◆ Description of the task: I need the lines from the one holding "Front Row Bay Views from your Apt" to the last line of the data below repeated exactly, both included, without pictures.

◆ Dataset content:
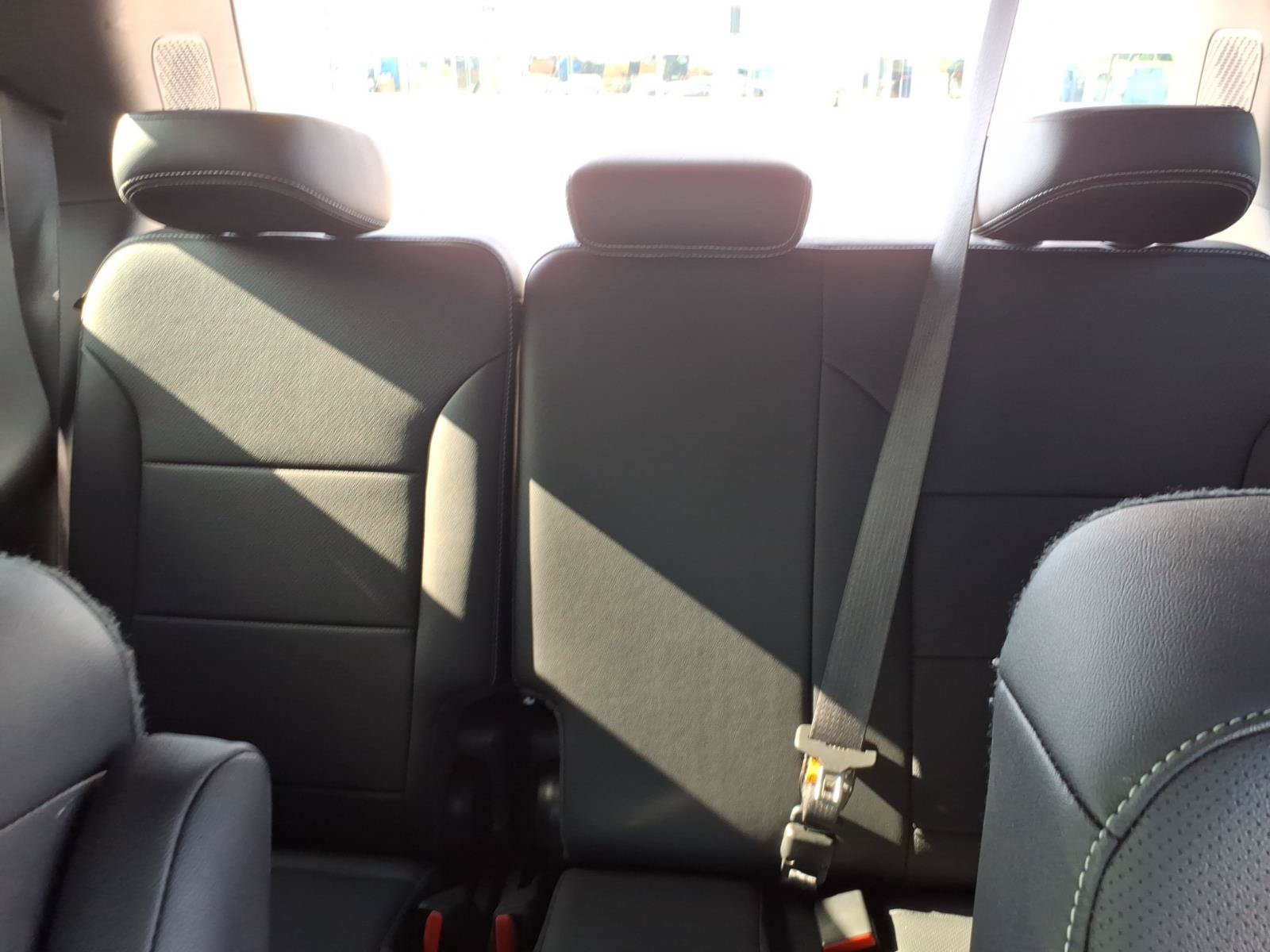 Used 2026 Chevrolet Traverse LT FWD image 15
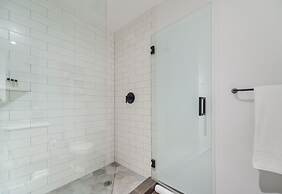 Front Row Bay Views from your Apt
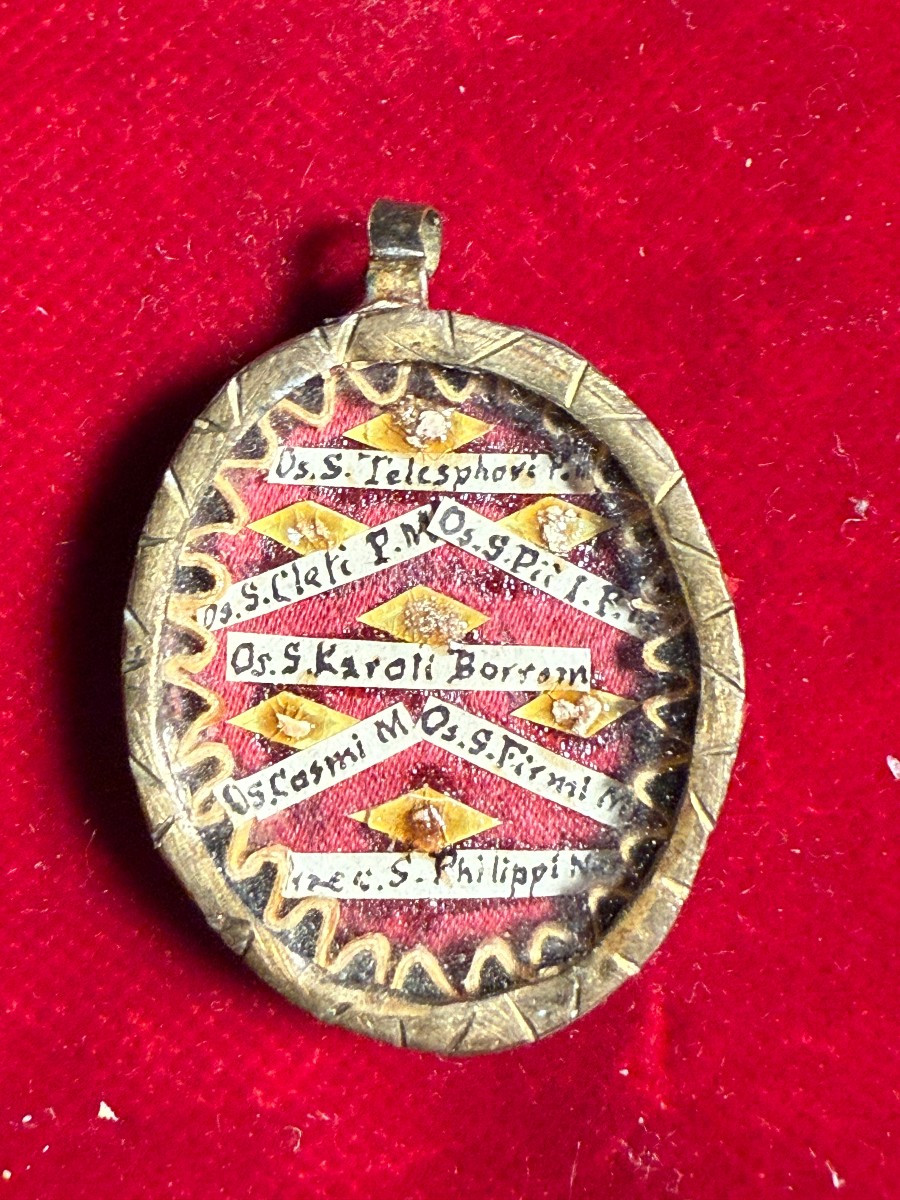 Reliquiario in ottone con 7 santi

◆ Finished exercise:
 Front Row Bay Views from your Apt
 Reliquiario in ottone con 7 santi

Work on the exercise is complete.